Ok guys, lets say i wanted to grab the source for google.com or
something... it wont allow if unless i send the correct headers to spoof
the program.. Can anyone give me a working example of how to send
headers and download a webpage source?
I tried looking through all of the docs and coming up with something but
i failed...
With open-uri[0] you can open URIs just like local files. That would be
entirely sufficient to get the content of the index page of google.com, for
example. Instead of a simple URL you can also pass the open call a URI[1]
object, for which you can explicitly call headers if you need to.

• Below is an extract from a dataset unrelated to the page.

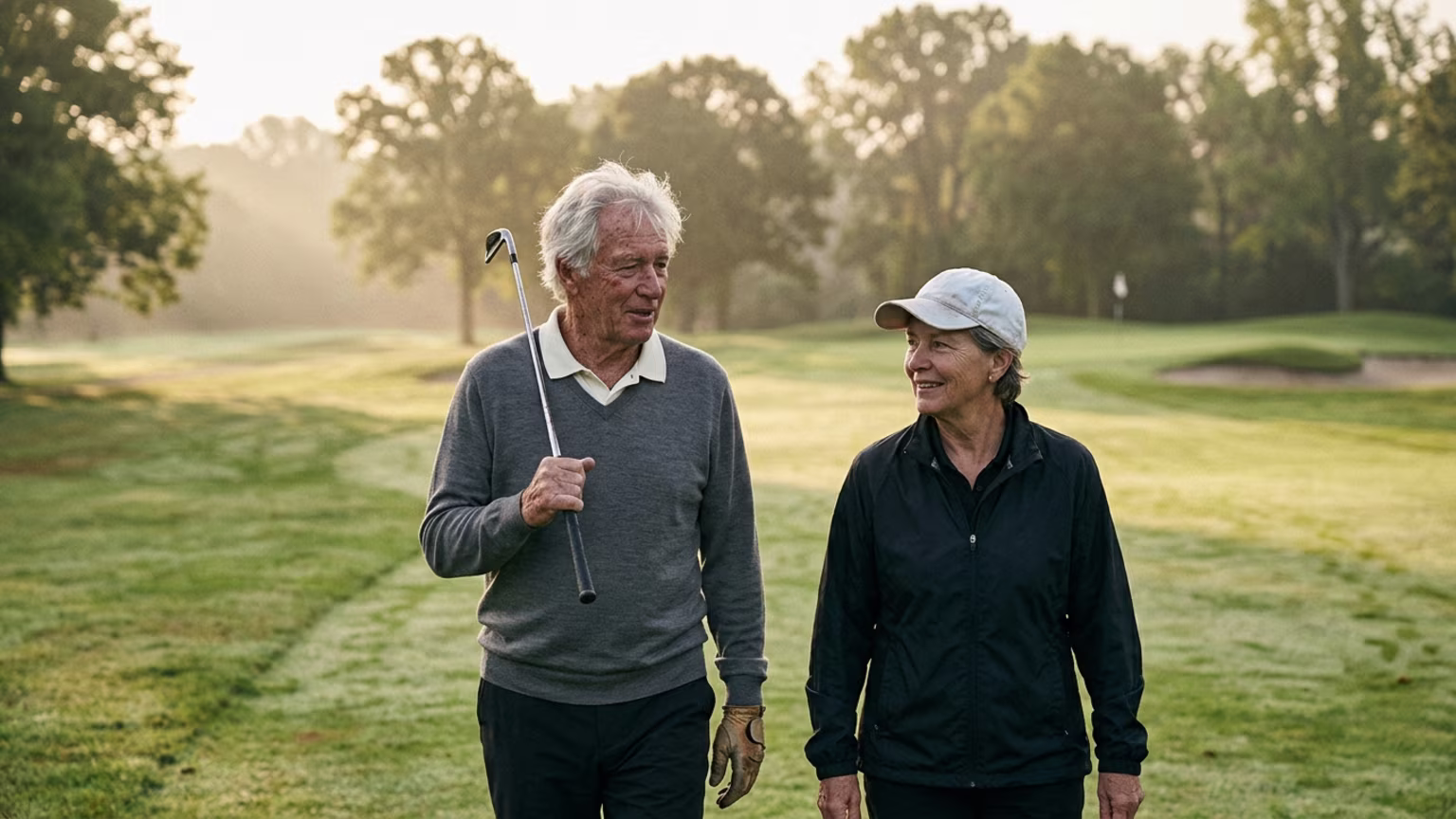 The Strength You Need to Keep Playing Golf for Decades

You could then also also use Hpricot[2] to do all sorts of nifty HTML
parsing
-----Original Message-----
From: list-bounce@example.com
[mailto:list-bounce@example.com] On Behalf Of Haze Noc
Sent: Wednesday, August 15, 2007 10:05 AM
To: ruby-talk ML
Subject: HTTP headers and source
Ok guys, lets say i wanted to grab the source for google.com
or something... it wont allow if unless i send the correct
headers to spoof the program.. Can anyone give me a working
example of how to send headers and download a webpage source?

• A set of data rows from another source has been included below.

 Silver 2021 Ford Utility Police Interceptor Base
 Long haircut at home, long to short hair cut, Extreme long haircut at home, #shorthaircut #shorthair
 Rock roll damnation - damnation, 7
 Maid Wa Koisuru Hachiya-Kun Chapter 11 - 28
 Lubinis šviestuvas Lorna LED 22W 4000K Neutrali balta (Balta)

I tried looking through all of the docs and coming up with
something but i failed...
LHH shows all HTTP chatter, so there's nothing that a server can see
that you can't. From there it's just a matter of imitating the headers
with Net::HTTP.
Remember, though, that you have some vague sort of obligation to
maintain netiquette. If a server rejects automated requests, they may
have a good reason to, and you're going against their wishes to mimic
a real browser. I doubt the Feds are going to come kicking your door
in over it, but it's still worth trying to be respectful.